Kasi Penkum dan Humas Kejati Sumbar Rasyid SH MH yang dihubungi awak media tim investigasi di Padang Selasa (6/5/2025) membenarkan sedang melakukan pengumpulan data dan keterangan. Bahwa pihak Kejati Sumbar secara normatif sedang melaksanakan pengumpulan keterangan dan full data terkait laporan masalah PKS PT SBS Kinali Pasaman Barat, Sumbar.
Di pihak lain menurut informasi dari warga Kinali Pasbar Sumbar, PKS PT SBS ini masih terus membuang limbah cair dan pencemaran udara dari cerobong asap hingga Selasa (6/5/2025).
"Malah kegiatan produksi tandan buah segar (TBS) sawitnya makin banyak dan meningkat. Limbah cairnya masih dibuah di tanah warga mencemari sungai. Asap cerobong asapnya menebarkan pencemaran udara asapnya merayap turun di rumah rumah warga bahkan sampai di jalan lintas Kinali-Talu Sumbar.

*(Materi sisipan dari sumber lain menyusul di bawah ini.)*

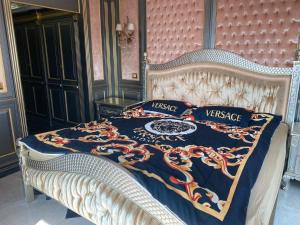 Dormitorio con cama con manta de dragón en הסוויטה המלכותית ברמת גן en Tel Aviv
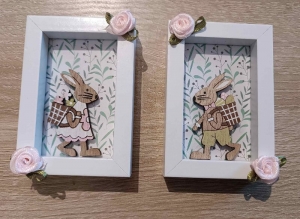 Zwei kleine Bilderrahmen zum Hinstellen mit Osterhasenmotiven und Stoffblumen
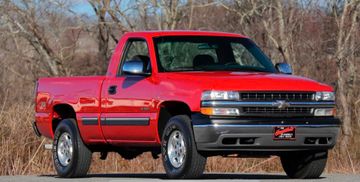 Chevrolet Silverado LS Pickup, 2001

Pabriknya dekat sekali dengan sekolah dan permukiman warga, harus tutup pabriknya," harap warga.
Seperti diberitakan sebelumnya, kasus pencemaran lingkungan oleh limbah sawit pabrik kelapa sawit (PKS) PT Sari Buah Sawit (PT SBS) di Jorong Langgam Sepakat Kecamatan Kinali Kabupaten Pasaman Barat Provinsi Sumatera Barat temuan Tim Kementerian Lingkungan Hidup RI pada 2-5 Desember 2024 lalu, hingga Selasa 15 Januari 2025 bahkan hingga Minggu (4/5/2025) belum ditindak tegas serius oleh pihak Kementerian Lingkungan Hidup RI bersama Dinas Lingkungan Hidup Pasaman Barat, Sumbar.